International data transfers

EU data protection rules apply to the European Economic Area (i.e. the European Union, Liechtenstein, Norway and Iceland, hereafter the “EEA”). Personal data may therefore be transferred freely within this territory, provided that the processing complies with the general obligations applicable to controllers and processors provided for by the General Data Protection Regulation 2016/679 (the “GDPR”) .

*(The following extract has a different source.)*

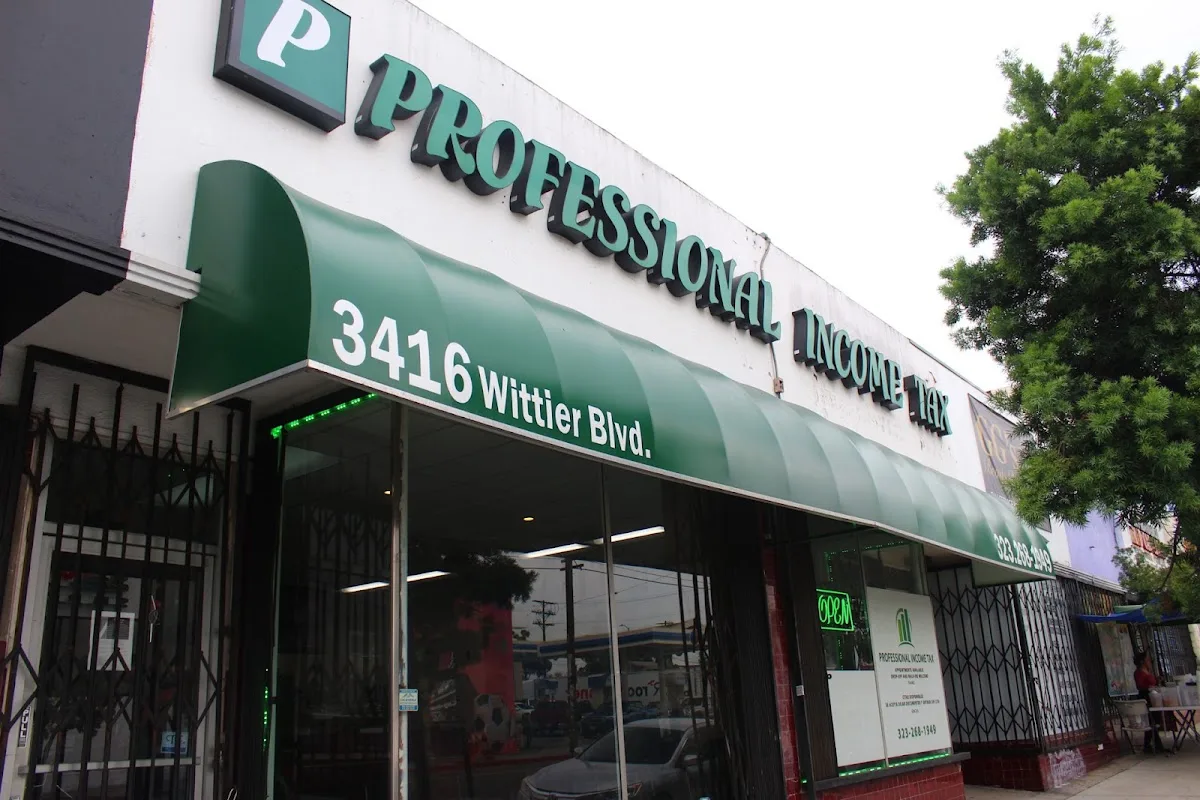 Professional Income Tax office photo 2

However, a transfer of personal data subject to processing to a country outside the European Economic Area (a “third country”) or to an international organisation shall take place only under certain conditions as described in Chapter V of the GDPR. These requirements are additional to the general obligations provided by the “GDPR”. Hence, a two-step assessment must be applied:

  • first, the transfer of personal data (as a processing activity) must have a legal basis and must comply with all relevant provisions of the GDPR (e.g. lawfulness of processing, transparency, accountability, etc.);
  • second, the provisions applicable to international data transfers provided for in Chapter V of the GDPR must be complied with. Thus, transfers of personal data to a third country is only possible if:
    • the data transfer is covered by an adequacy decision issued by the European Commission according to article 45 of the GDPR; or
    • otherwise, if the data exporter can demonstrate the existence of appropriate safeguards as stated under article 46 of the GDPR; or
    • otherwise, if the transfer falls under any of the derogations foreseen in article 49 GDPR.